Le Conseil de la concurrence a-t-il réellement les moyens de ses ambitions ? La question mérite sérieusement d’être posée. Autrefois considéré comme une coquille vide se limitant à émettre des avis consultatifs occasionnels sur des pratiques commerciales portant atteinte à la libre concurrence entre les opérateurs économiques, le conseil semble, peu à peu, prendre du poids et commence à exercer un pouvoir d’influence plutôt nuancé pour la lutte contre les pratiques anti-concurrentielles.
Son premier président, Abdelali Benamour, qui a dirigé le conseil à partir de sa création en août 2008, n’avait pas cessé d’appeler dans les médias à une consolidation du statut du Conseil de la concurrence en le dotant d’un pouvoir de décision pour élargir son statut consultatif initial. Mais son voeu n’a jamais été exaucé.
Driss Guerraoui, ancien conseiller économique de l’ex-premier ministre socialiste, Abderrahmane Youssoufi, qui lui a succédé en novembre 2018, n’a pas, non plus, réussi à concrétiser cette ambition. Et ce bien qu’il eût été animé par une volonté de faire bouger les lignes, notamment sur le dossier des hydrocarbures, qui lui a coûté son poste. Son successeur, Ahmed Rahhou, ancien patron de CIH Bank et ex-ambassadeur du Royaume à l’Union européenne, semble, néanmoins, réussir le pari. En mai 2023, sur décision gouvernementale, le Conseil de la concurrence est, enfin, enrichi par deux textes de loi qui complètent son arsenal juridique et renforcent son pouvoir de sanctions sur les entreprises.
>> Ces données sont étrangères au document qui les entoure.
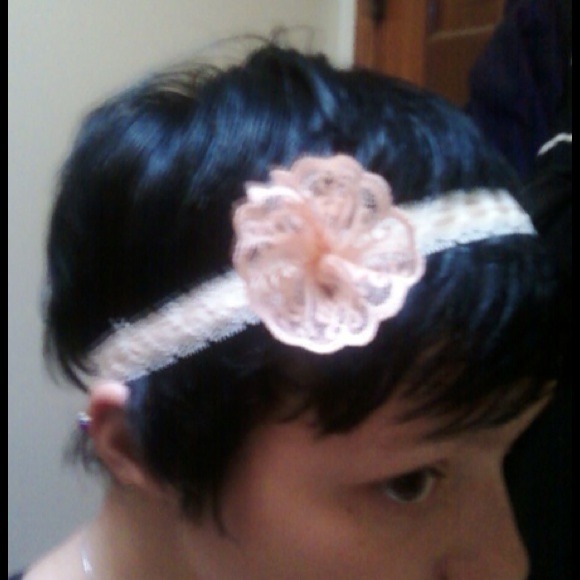 Pink And White Vintage Lace Headband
Les deux textes sont des décrets d’application qui visent à compléter l’arsenal juridique lié à la concurrence et à renforcer l’impartialité et les capacités du conseil. Depuis cette date, l’instance de régulation des marchés multiplie les avis et les injonctions pour marquer son territoire. Parmi ses récentes injonctions: la mise en garde lancée contre certaines grandes entreprises qui recourent au service de paiement en ligne de leurs factures et qui font supporter la charge de ce service à leurs clients en plus de la facture à payer.
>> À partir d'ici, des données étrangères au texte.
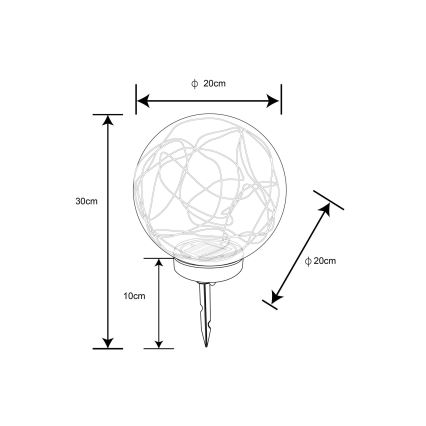 Globo - LED Соларна лампа 30xLED/0,06W/1,2V Ø 20 см IP44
Les frais surfacturés par voie digitale varient entre 4 et 10 dirhams. Outre son caractère abusif et non justifié, la pratique est susceptible de fausser le libre jeu de la concurrence. En plus, en recourant à ce service, les entreprises profitent déjà d’économies gagnées sur les coûts d’investissement et d’exploitation liés au recouvrement des factures.
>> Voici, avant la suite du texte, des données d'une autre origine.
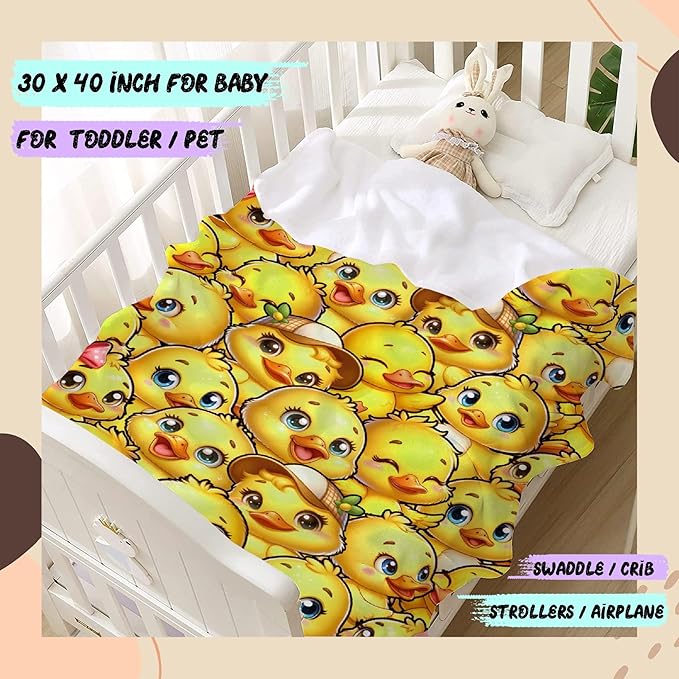 Little Yellow Ducks Adult duck Blanket Kids Funny Blanket Suitable for Bedroom Living Room bed sofa Crib Couch Chair outdoor All Season Items That Yellow Duck Lovers Will Love 60"x50"for Teens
Mais force est de constater que malgré cette mise en garde, adressée en mai 2023, les entreprises concernées continuent toujours de facturer les frais digitaux. Le Conseil de la concurrence revient à la charge et publie un communiqué en juillet 2023 pour menacer de sanctions les opérateurs récalcitrants.
Pour beaucoup, le non-respect par certaines entreprises, parmi les plus importantes de la place, des injonctions du Conseil de la concurrence, nourrit un manque de crédibilité et surtout d’autorité chez cette instance qui peine encore, il faut bien le dire, à imposer sa loi sur les marchés. Mais il ne faut pas aller trop vite en besogne.
Le pouvoir du conseil vient d’être renforcé, il y a à peine quelques mois, et il lui faut certainement du temps pour se reconstruire. Toutefois, le conseil laisse éclater quelques signes de bonne santé qui puissent redorer son image. Ses deux derniers avis, l’un sur le dossier des hydrocarbures et l’autre sur les assurances, qui ont soulevé de nombreux griefs sur des pratiques anticoncurrentielles dans deux secteurs stratégiques de l’économie marocaine, traduisent une volonté affichée du conseil de mieux s’affirmer. Une quête constante pour une concurrence loyale et équitable sur le marché.
En effet, pour les hautes autorités de l’État, la concurrence est devenue un levier essentiel pour le développement économique et la création d’emplois dans le pays. Et cette institution devrait ainsi être en mesure de mieux réguler le marché et de prévenir les pratiques anticoncurrentielles, ce qui bénéficiera aux consommateurs marocains ainsi qu’aux entreprises du pays.